## Records to process
:::

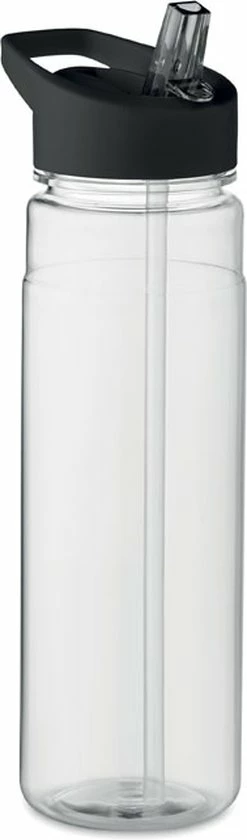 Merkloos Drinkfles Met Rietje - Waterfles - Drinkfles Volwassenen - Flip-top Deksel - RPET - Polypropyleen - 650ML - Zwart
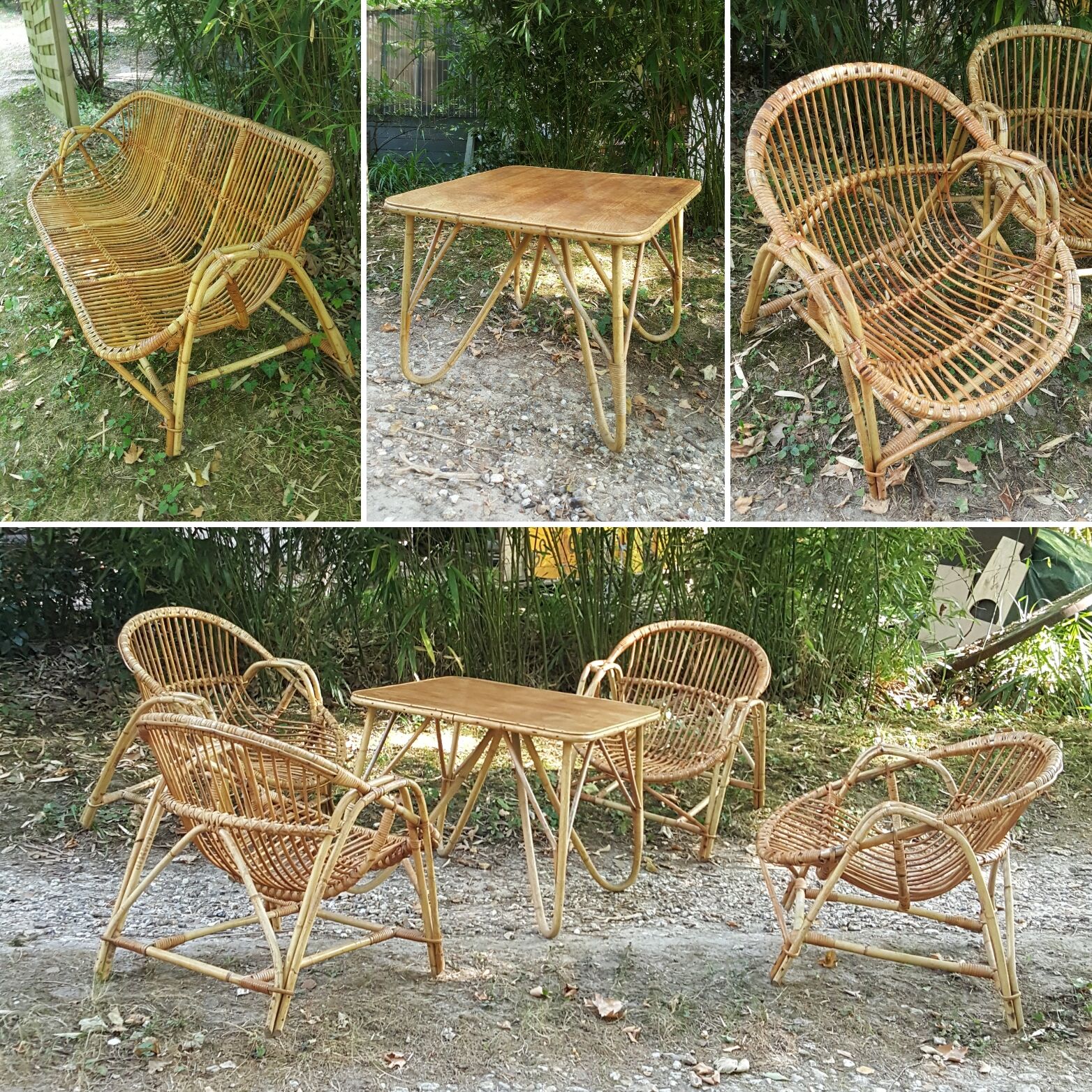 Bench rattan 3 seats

:::

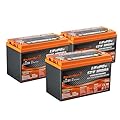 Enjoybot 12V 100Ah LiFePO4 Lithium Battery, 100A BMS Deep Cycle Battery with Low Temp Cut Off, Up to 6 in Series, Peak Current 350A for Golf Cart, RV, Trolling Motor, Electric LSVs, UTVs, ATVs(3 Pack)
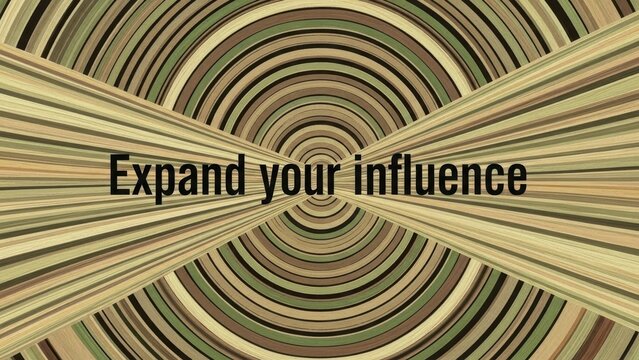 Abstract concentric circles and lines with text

:::

## What needs to be done
Find the line with "Merkloos Drinkfles Met" in the entries above. Set down exactly every line from it up to and including the line with "Bench rattan 3 seats", images excluded.

## Result for this task
 Merkloos Drinkfles Met Rietje - Waterfles - Drinkfles Volwassenen - Flip-top Deksel - RPET - Polypropyleen - 650ML - Zwart
 Bench rattan 3 seats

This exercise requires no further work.